There are two smaller subsections of energy storage technologies to note. The first is compressed air energy storage (CAES), which is only utilized in the stationary market and has just seven commissioned facilities worldwide. The United States deployed the largest quantity of both capacity and power from 2011–2019. China accounts for the next biggest user of this technology, having secured financing for three facilities which were under construction as of 2019–2020 but according to the Energy Report, “no information was found on whether any of these projects were completed.” The final technology to note is redox flow batteries (RFB), which are also exclusively used in the stationary market and typically have a water solvent base. Asia, and China in particular, are the leaders in RFB deployment within the marketplace. The Energy Report states that “of the 800 MWh of RFB projects deployed since 2008, more than 75% were deployed in the last 2 years,” indicating and increased interest in this technology within recent years. The report continues, stating that redox flow batteries have “an average system duration of 4 hours” and “could compete with lithium-ion for up to 69 GWh (46%) of the total 150 GWh of required capacity in 2030.”
Benefits of Partnering with Third Party Chemical Suppliers and Toll Manufacturers
The WoodMac report makes clear that Li-ion batteries are the future of the energy storage market. It concludes that “long-duration batteries helped to strengthen grid reliability and reduce the risks of power outages during this period. By 2030, the average lithium-ion project size will increase from 100-MWh scale to 1-GWh scale, up sevenfold.”

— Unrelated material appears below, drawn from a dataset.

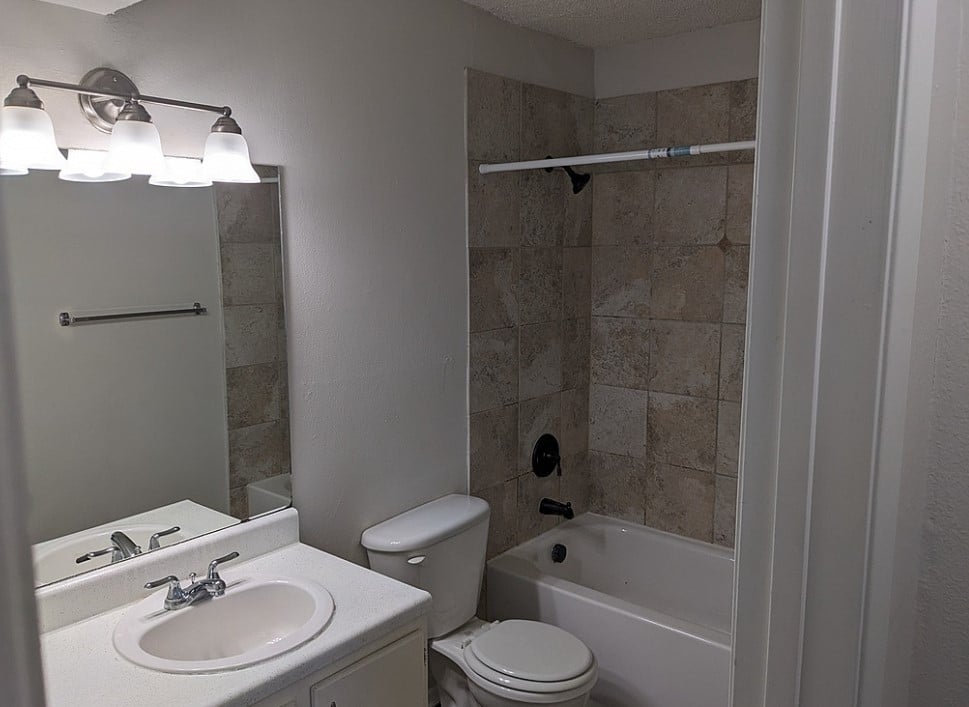 Spacious 2BR/1BA | Fitness, Pool & Pet-Friendly Living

Given all the opportunities that are presented by the above battery storage demand and technology trends, particularly within the Li-ion subcategory, many start-up companies and large corporations are interested in breaking into the market. However, many of these companies lack the scientific expertise, resources, and facilities to develop the necessary chemistry needed to manufacture these types of products. Partnering with a third-party chemical supplier and toll manufacturer, such as Optima Chemical, presents a viable solution for companies looking to break down the barrier of entry into this marketplace.

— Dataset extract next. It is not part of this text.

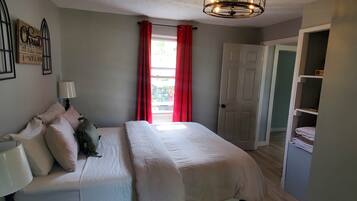 1 bedroom, iron/ironing board, WiFi, bed sheets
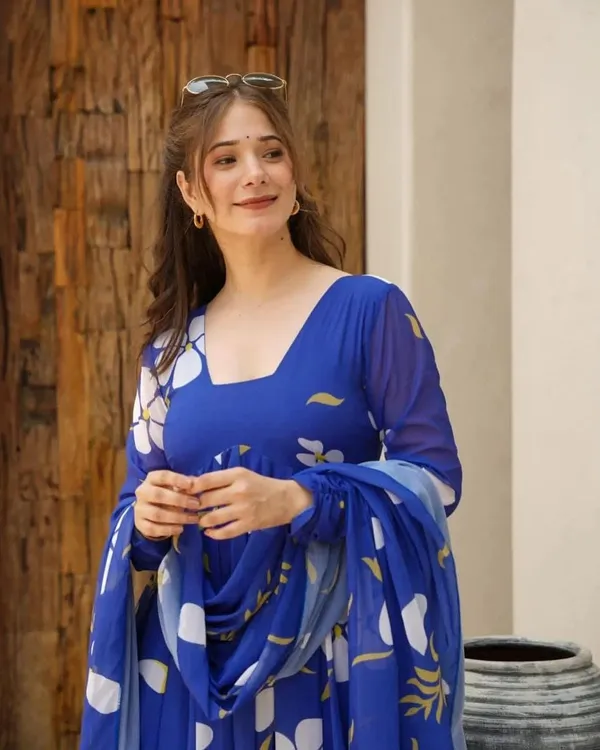 Blue_Floral_Printed_Anarkali_Kurta_Set_For_Women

As a full-service chemical company with the infrastructure to take ideas through to delivered products and solutions, Optima Chemical has the engineering capabilities needed to manufacture high energy and high hazard, sensitive chemistry safely at large scale. Optima Chemical has two U.S. based plants, where they manufacture products for their partners as well as develop their own proprietary products, which offers one-stop-shopping for its toll partners, with services such as technical support, analytical development, route development, and scale-up available for all customers, be it for custom made products or some short-term use of their facilities.

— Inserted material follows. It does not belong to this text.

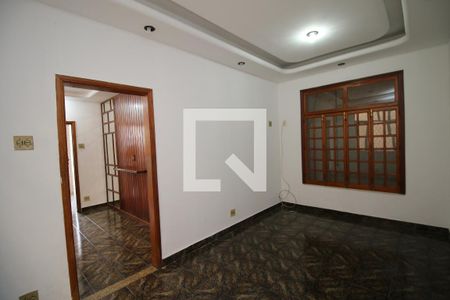 Sala de casa à venda com 5 quartos, 339m² em Penha, Rio de Janeiro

Simply put, entrepreneurial companies that are looking for a point of entry at the ground floor of the energy storage market should consider working with a third-party chemical toll manufacturing company. With so much growth potential in this expanding and in-demand sector, getting a piece of the pie will come down to understanding the limitations of your company and its expertise. Let them focus on the chemistry while your company manufactures and supplies the batteries to the leading transportation and stationary market players.